# Lexus LFA and Nissan GT-R Go Head To Head In A Drag Race [Video]



## Administrator (Jun 27, 2006)

Imagine you are able to bring together some of humanity's great minds for a dialogue, but you then end up having them give you their picks for who will win the World Series. Motor Trend's new video of a Lexus LFA drag racing a Nissan GTR is similarly anti-climactic and a little silly, but we can appreciate where Motor Trend is coming from.

Getting a press car comes with some obligations; you should return it washed with a full tank of gas, in the condition you found it, and in the case of very high end press cars like the Lexus LFA, a whole host of other rules accompany them. We understand that taking it on a road course might not be such a good idea, considering how there's only one in the entire country, but these two cars are supposedly the pinnacle of performance driving, and a road course rather than a drag race would be the true test of what these two can do.

Regardless, the video is bound to cause a flurry of online shouting matches from various fanboy camps. In the mean time, us civilized folk should crank your speakers up to 11 an bask in the glorious V10 soundtrack, as its likely the closest that mere mortals will ever come to an LFA at full blast.

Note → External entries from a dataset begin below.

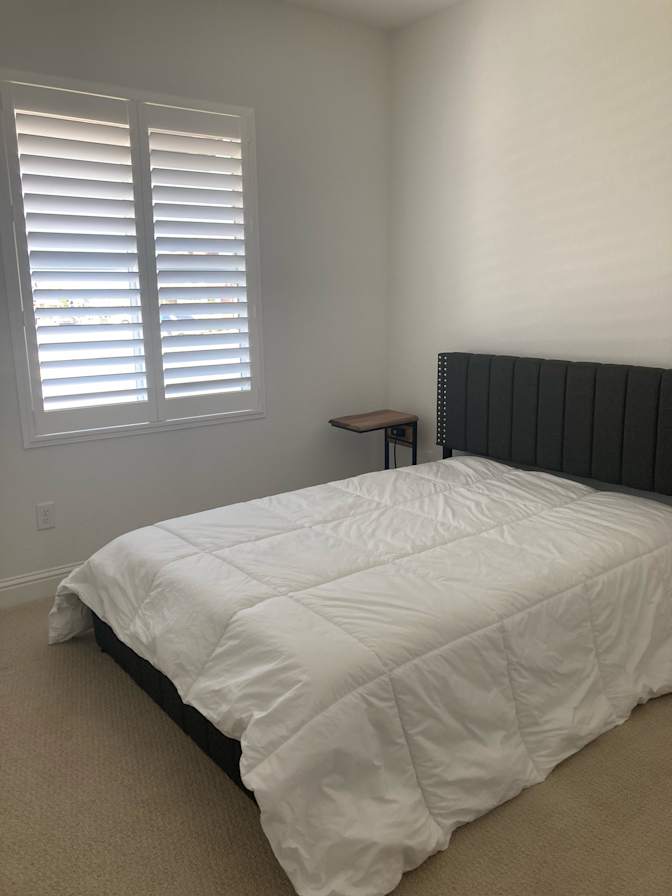 Twelve Bridges Drive's room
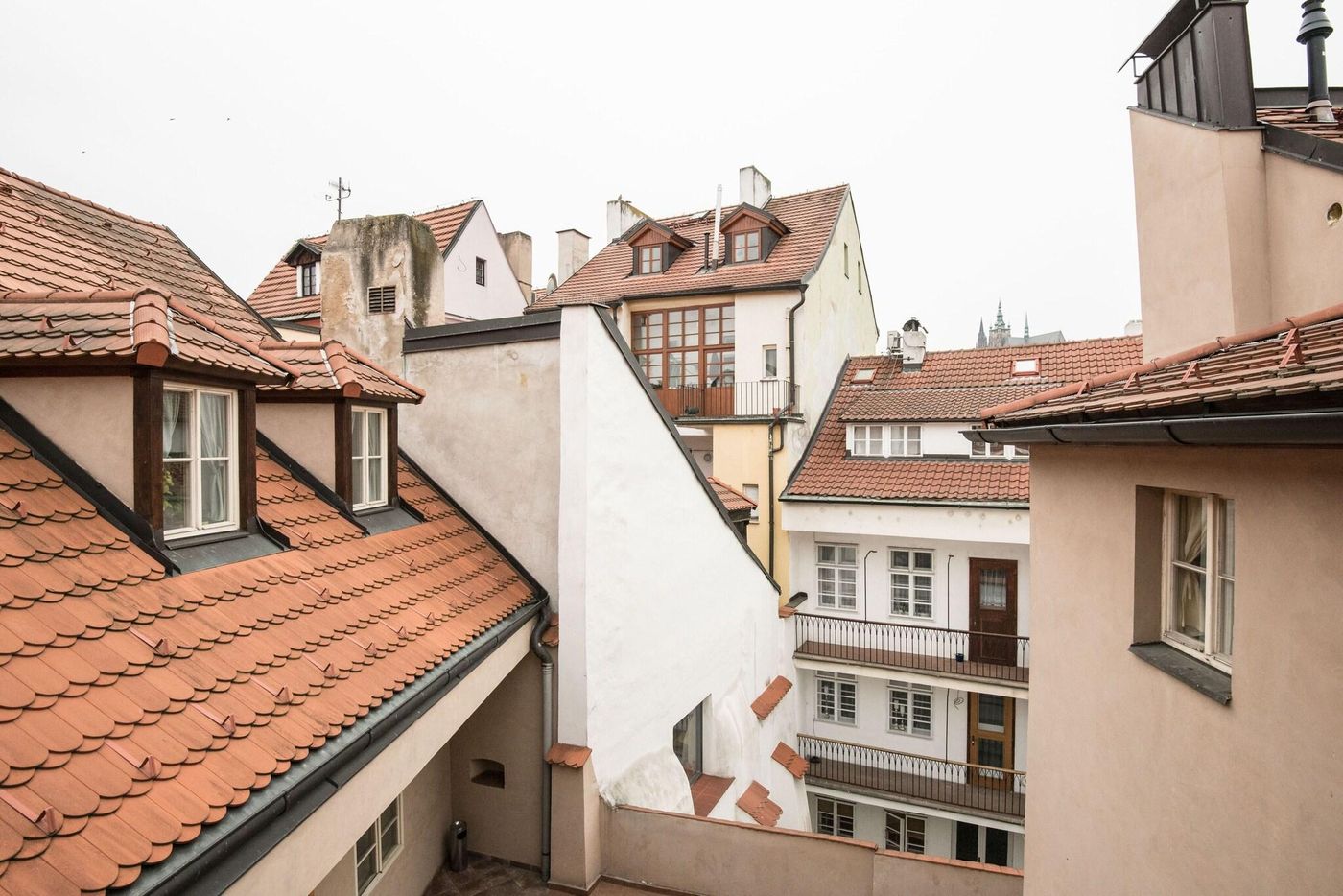 Boutique-Apartments-White-Swan-General-view-2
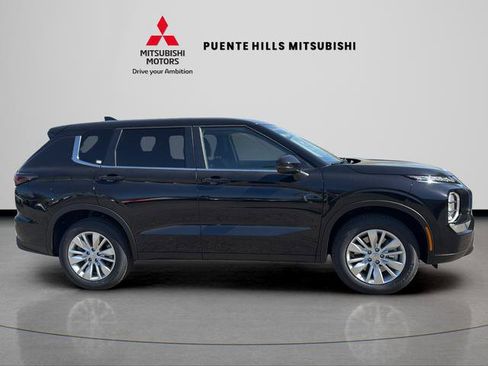 New 2026 Mitsubishi Outlander ES image 4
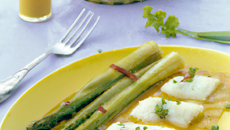 Feuilletés de cabillaud à la mangue et aux asperges vertes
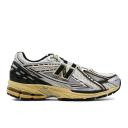 New Balance Unisex 1906R Sea Salt/Silver Metallic/Black - Size 11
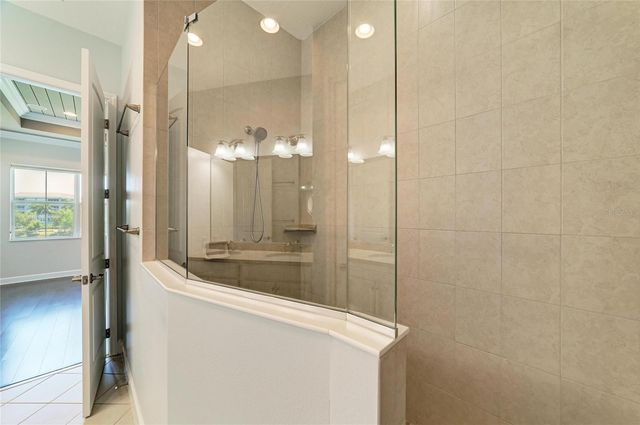 340 SAPPHIRE LAKE DRIVE 201, Bradenton, FL 34209
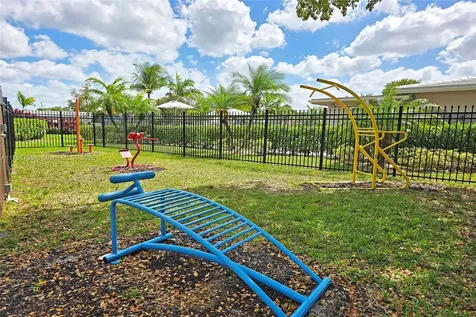 7201 NW 57th Court Tamarac FL 33321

More: *Lexus LFA and Nissan GT-R Go Head To Head In A Drag Race (Video Inside)* on AutoGuide.com


----------



## chimmike (Oct 17, 2002)

yah, because the LFA costs something like 4 times as much as a GTR. Hell, it's over $100k more than a ferrari 599. Sorry, I ain't payin that much for no lexus. Especially one that just isn't that much better than a 599, if at all.


----------